Did you run thunder through that one?


----------



## Bob Scott (Mar 30, 2006)

Howard Knauf said:


> If memory serves me correctly only about a handful passed the tennis ball test. My personal dog did not!](*,)
> 
> Did you run thunder through that one?



Thunder had never seen a suit before so I didn't enter. Sleeve work only in the standard schutzhund routine. I also knew the tennis balls would have got to him. 
I did have Wayne Dodge work him afterwords. Thunder was totally confused by the suit. Wayne had to present an arm to get him to engage. 
I've never worked him in any sort of PPD type scenario, just Schutzhund so I didn't expect him to do anything spectacular.


----------



## David Baker (Aug 31, 2013)

Well Bob, you had the right man to do the job as far as introducing your sleeve dog to a suit. Wayne D. is amazing. The man knows some damn dogs, thats for sure.


----------



## Bob Scott (Mar 30, 2006)

Wayne did an excellent job with Thunder. Perfect balance of pressure and prey to keep Thunder there to engage.


----------



## jamie lind (Feb 19, 2009)

So was this a pass or fail? I'm asking more about the help getting in there than the engaging.


----------



## Bob Scott (Mar 30, 2006)

If I recall it was pass or fail with a number of different exercises. 
I may be wrong because it was 3-4 yrs ago......and I'm gittin old! :lol:


----------



## Joby Becker (Dec 13, 2009)

jamie lind said:


> So was this a pass or fail? I'm asking more about the help getting in there than the engaging.

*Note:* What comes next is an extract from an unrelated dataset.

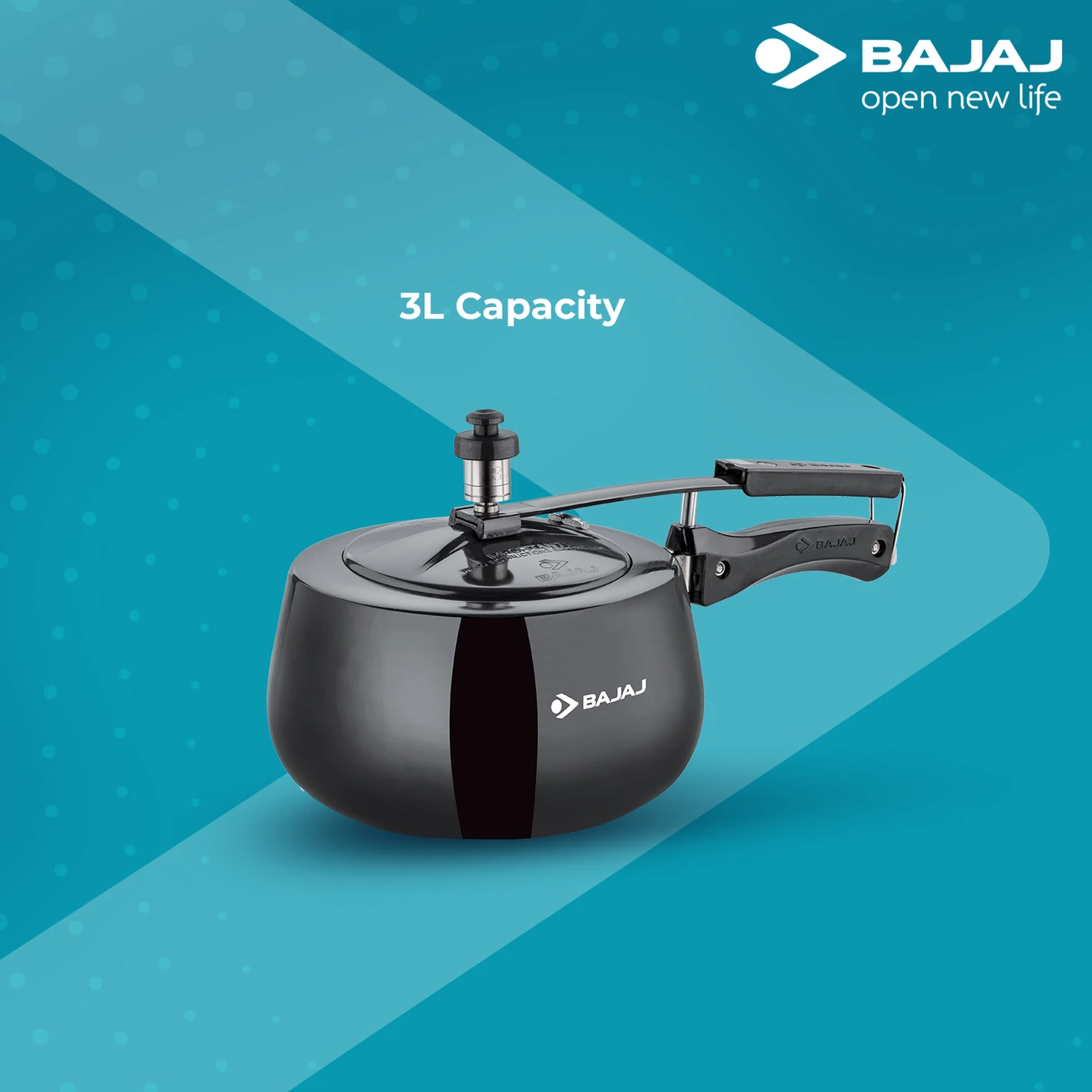 BAJAJ New Shakti 3HD HA Handi With IB 3 L Induction Bottom Pressure Cooker (Hard Anodized) - Image 10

total scenario was worth 50 pts.

start point was worth 5, on that one...handler was supposed to stay there...but was allowed to move from there without totaling failing the scenario...

she lost all 5 points for going and helping her dog, which was the right choice to make in that instance I would say.

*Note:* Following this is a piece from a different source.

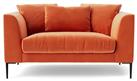 Swoon Alena Velvet Cuddle Chair - Burnt Orange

not sure how the rest of the scoring went.

someone will correct me if I am wrong, but that is how I understood the explanation


----------



## Bob Scott (Mar 30, 2006)

Thanks Joby!


----------



## jamie lind (Feb 19, 2009)

Joby Becker said:


> total scenario was worth 50 pts.
> 
> start point was worth 5, on that one...handler was supposed to stay there...but was allowed to move from there without totaling failing the scenario...
> 
> ...


Thanks that's what i was wondering. Not wondering about the entire event, just the exercise.


----------



## jamie lind (Feb 19, 2009)

Also wondering does the dog see the man go in, or is it a search?


----------



## Joby Becker (Dec 13, 2009)

jamie lind said:


> Thanks that's what i was wondering. Not wondering about the entire event, just the exercise.

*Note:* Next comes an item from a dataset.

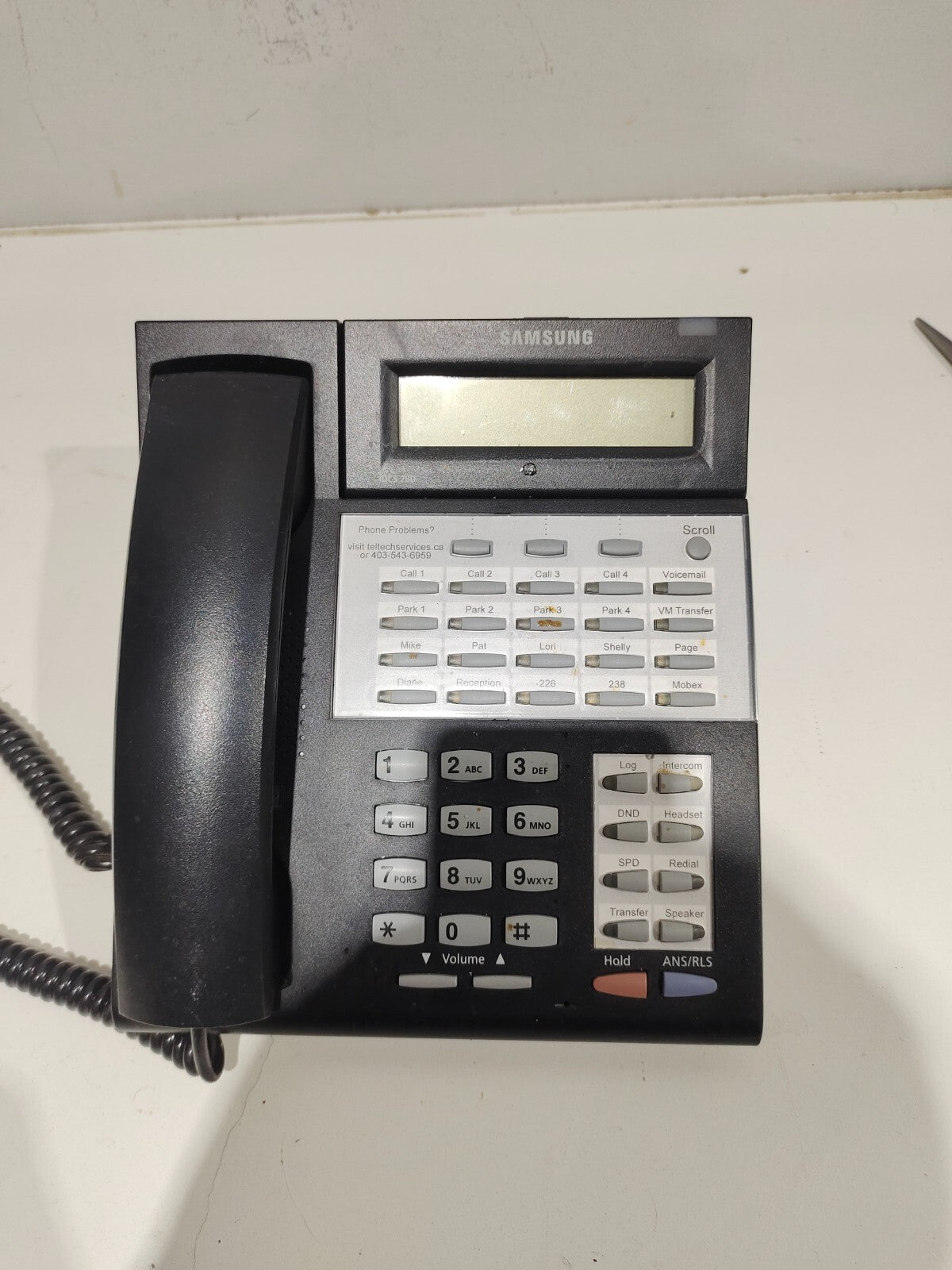 Samsung Phone IDCS 28D with Stand - LCD Black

yep that explanation was about that scenario.

I believe it was supposed to be a directed search, and assume the dog did not see him go in..that is just a guess, but that is how I would do it personally, could be wrong on that..


----------



## jamie lind (Feb 19, 2009)

Joby Becker said:


> I believe it was supposed to be a directed search, and assume the dog did not see him go in..that is just a guess, but that is how I would do it personally, could be wrong on that..


From the dogs reaction that's what I am thinking.


----------



## Khoi Pham (Apr 17, 2006)

Yeah Joby was right, dog couldn't figured out how to get in so she left the start position to help her dog, and loss 5 points to salvage the rest otherwise she would have failed that exercise.


----------



## georgia estes (Nov 3, 2009)

Joby Becker said:


> yep that explanation was about that scenario.
> 
> I believe it was supposed to be a directed search, and assume the dog did not see him go in..that is just a guess, but that is how I would do it personally, could be wrong on that..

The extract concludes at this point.